There is material below. Print exactly the lines starting at the line with "Motor de arranque-auto" and ending at the line with "探秘仙命与命主:宇宙的奥秘与个体的宿命", ends included, and no others.

# Records provided:
+ + + +
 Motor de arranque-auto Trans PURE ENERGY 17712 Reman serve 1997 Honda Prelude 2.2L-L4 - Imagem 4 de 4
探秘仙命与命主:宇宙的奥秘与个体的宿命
+ + + +
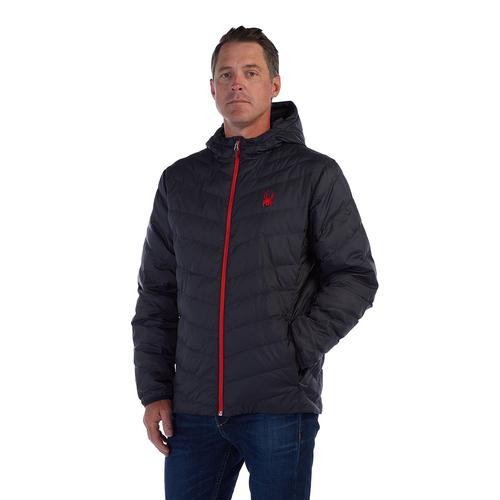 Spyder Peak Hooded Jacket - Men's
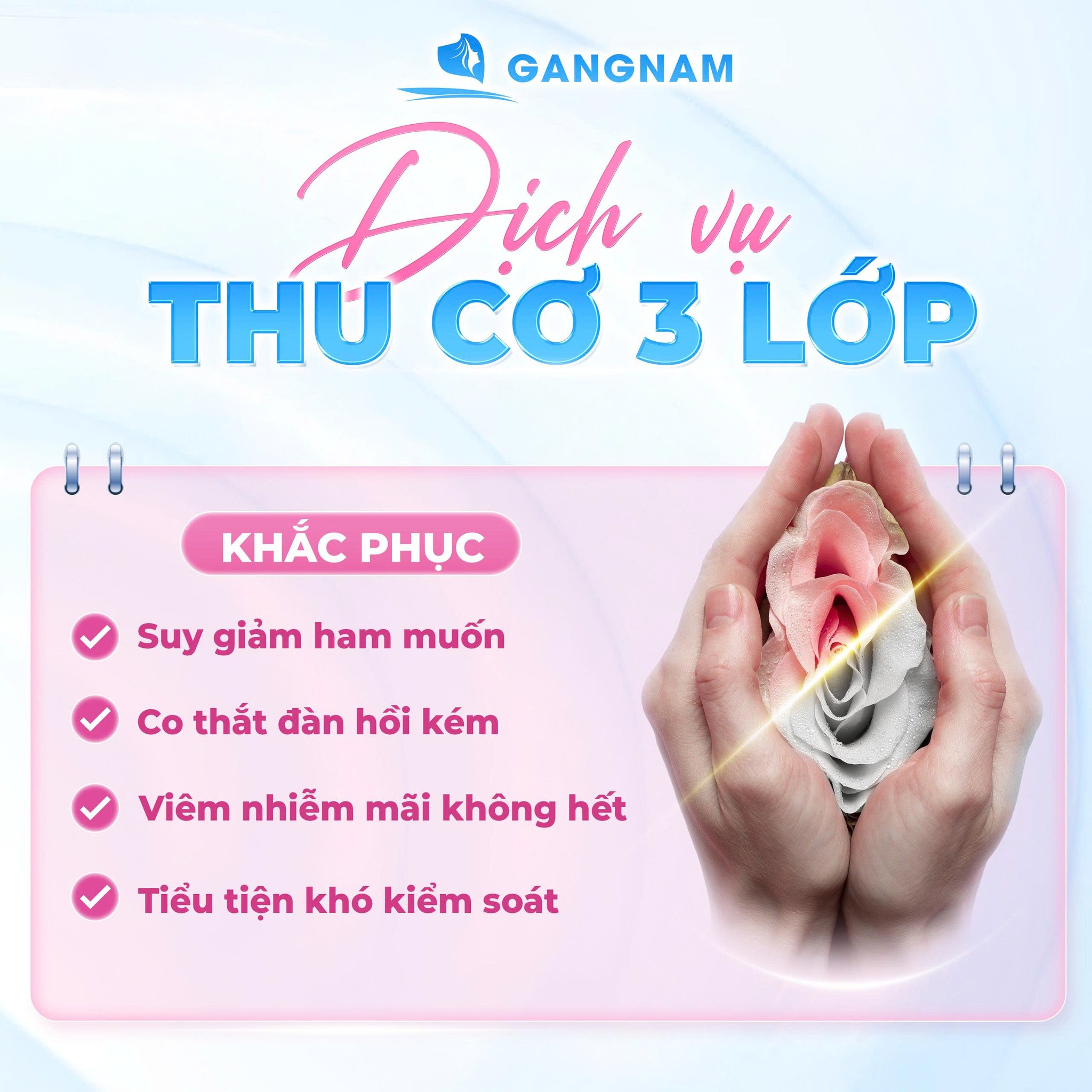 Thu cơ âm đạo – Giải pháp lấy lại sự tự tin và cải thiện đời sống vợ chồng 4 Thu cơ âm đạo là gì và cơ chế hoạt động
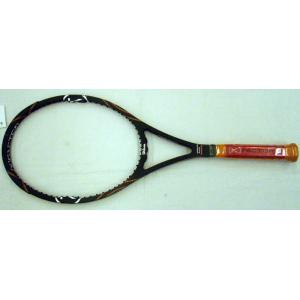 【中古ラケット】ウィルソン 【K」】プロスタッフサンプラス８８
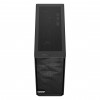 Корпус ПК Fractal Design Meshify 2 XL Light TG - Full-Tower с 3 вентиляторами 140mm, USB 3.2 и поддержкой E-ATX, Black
+ + + +
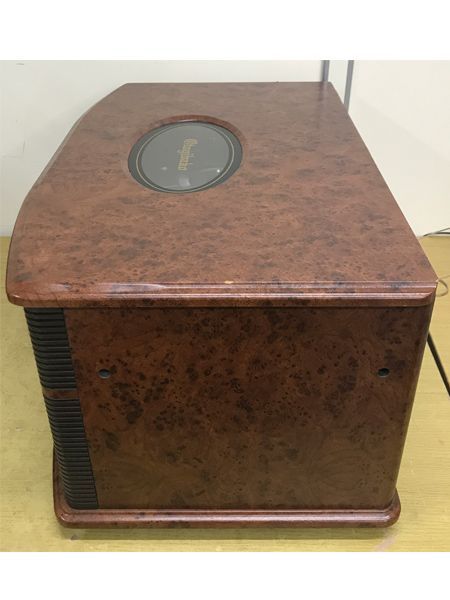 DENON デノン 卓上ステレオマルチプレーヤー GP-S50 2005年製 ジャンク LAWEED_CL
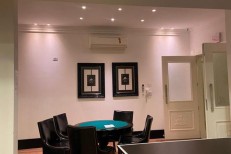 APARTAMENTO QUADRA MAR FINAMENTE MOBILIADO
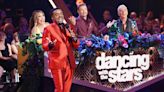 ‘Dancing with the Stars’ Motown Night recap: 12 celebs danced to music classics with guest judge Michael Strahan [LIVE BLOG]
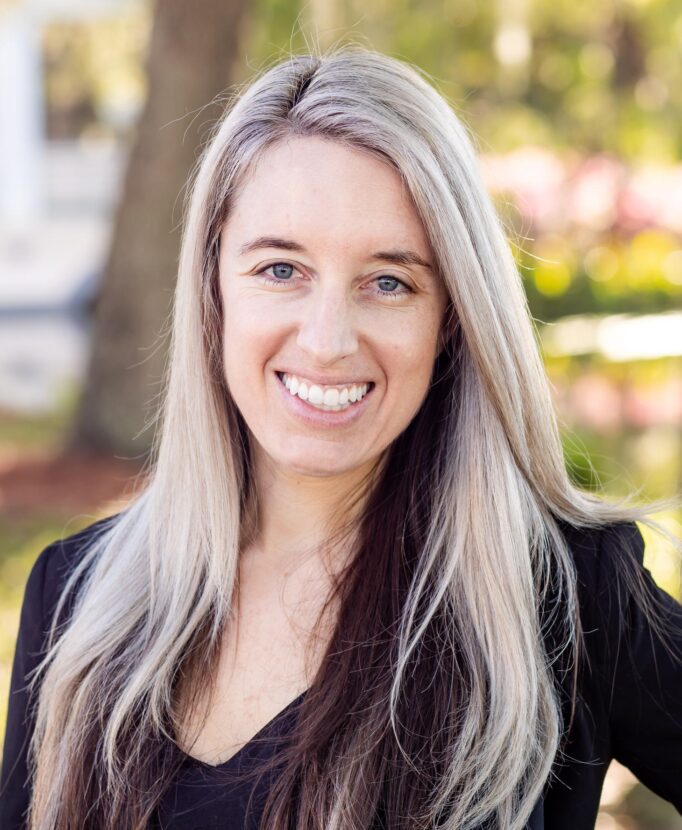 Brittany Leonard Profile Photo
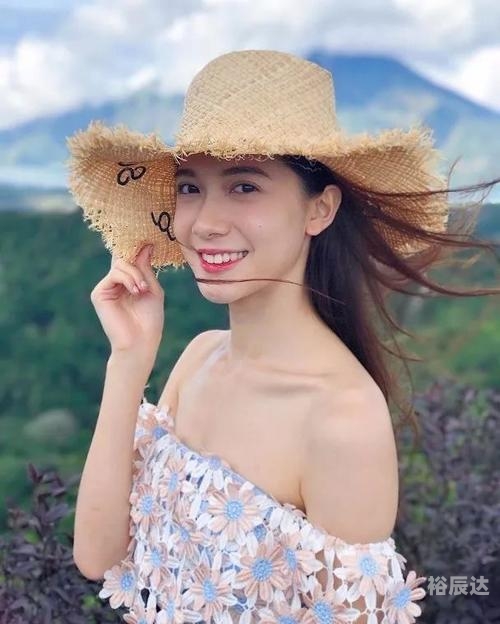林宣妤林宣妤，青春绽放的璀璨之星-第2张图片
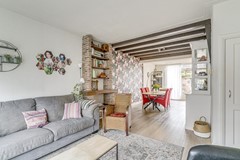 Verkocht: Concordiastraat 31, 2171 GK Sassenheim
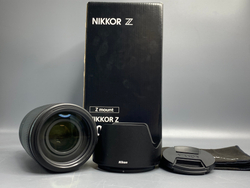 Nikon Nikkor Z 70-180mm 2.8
+ + + +
# Answer to this problem:
 Motor de arranque-auto Trans PURE ENERGY 17712 Reman serve 1997 Honda Prelude 2.2L-L4 - Imagem 4 de 4
探秘仙命与命主:宇宙的奥秘与个体的宿命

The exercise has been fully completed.